On Fri, Jul 31, 2020 at 7:34 AM Guido van Rossum <gu...@python.org> wrote:

> So maybe we need to add dict.ordered() which returns a view on the items
> that is a Sequence rather than a set? Or ordereditems(), orderedkeys() and
> orderedvalues()?
>

I'm still confused as to when "ordered" became synonymous with "Sequence"
-- so wouldn't we want to call these dict.as_sequence() or something like
that?

And is there a reason that the regular dict views couldn't be both a Set
and a Sequence? Looking at the ABCs, I don't see a conflict -- __getitem__,
index() and count() would need to be added, and  Set's don't have any of
those. (and count could be optimized to always return 0 or 1 for
dict.keys() ;-) )

But anyway, naming aside, I'm still wondering whether we necessarily want
the entire Sequence protocol. For the use cases at hand, isn't indexing and
slicing enough?

Which brings us to the philosophy of duck typing. I wrote an earlier post
about that -- so here's some follow up thoughts. I suggested that I like
the "if I only need it to quack, I don't care if it's a duck" approach -- I
try to use the quack() method, and I'm happy it if works, and raise an
Exception (Or let whatever Exception happens be raised bubble up) if it
doesn't.

Guido pointed out that having a quack() method isn't enough -- it also
needs to actually behave as you expect -- which is the nice thing about
ABCs -- if you know something is a Sequence, you don't just know that you
can index it, you know that indexing it will do what you expect.

Which brings us back to the random.choice() function. It's really simple,
and uses exactly the approach I outlined above.

    def choice(self, seq):
        """Choose a random element from a non-empty sequence."""
        try:
            i = self._randbelow(len(seq))
        except ValueError:
            raise IndexError('Cannot choose from an empty sequence') from
None
        return seq[i]

It checks the length of the object, picks a random index within that
length, and then tries to use that index to get a random item. so anything
with a __len__ and a __getitem__ that accepts integers will work.

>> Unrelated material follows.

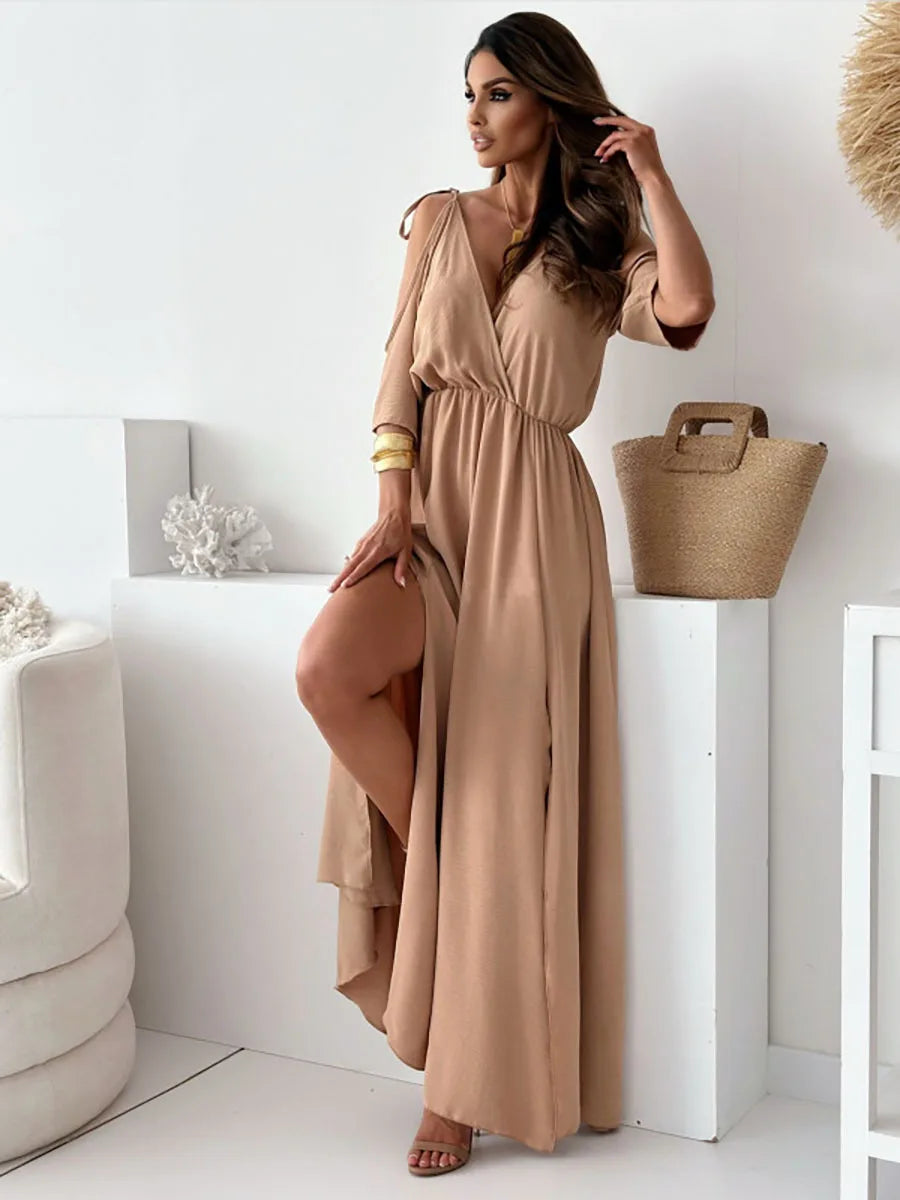 Rosavie | Cold Shoulder Maxi Dress for Women - V Neck Wrap Elasticated Slit Regular Fit-Dresses-Beige-S-Camoufit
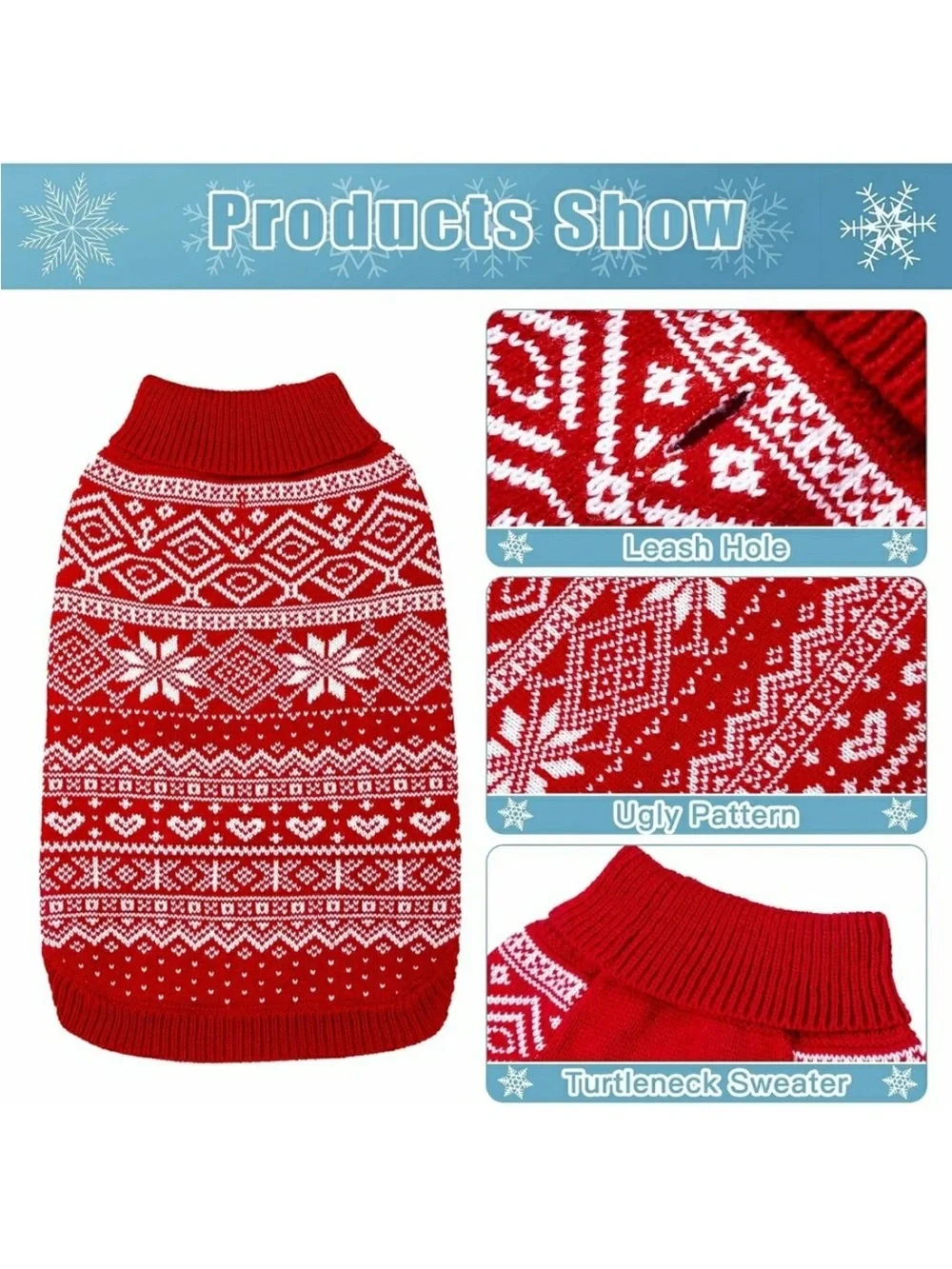 NWT Fluffy Pups Red Knit Dog Sweater - Festive Holiday Pullover, Size L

And this has worked "fine" for decades. Should it be checking that seq is
actually a sequence? I don't think so -- I like that I can pass in any
object that's indexable by an integer.

But there's is a potential problem here -- all it does is try to pass an
integer to __getitem__. So all Sequences should work. But Mappings also
have a __getitem__, but with slightly different semantics -- a Sequence
should accept an integer (or object with an __index__) in the range of its
size, but a Mapping can accept any valid key. So for the most part, passing
a Mapping to random.choice() fails as it should, with a KeyError. But if
you happen to have a key that is an integer, it might succeed, but it would
not be doing "the right thing" (unless the Mapping happened to be
constructed exactly the right way -- but then it should probably just be a
Sequence).

So: do we need a solution to this? I don't think so, it's simply the nature
of a dynamic typing as far as I'm concerned, but if we wanted it to be more
robust, we could require (maybe only with a static type declaration) that
the object passed in is a Sequence.

But I think that would be a shame -- this function doesn't need a full
Sequence, it only needs a Sized and __getitem__.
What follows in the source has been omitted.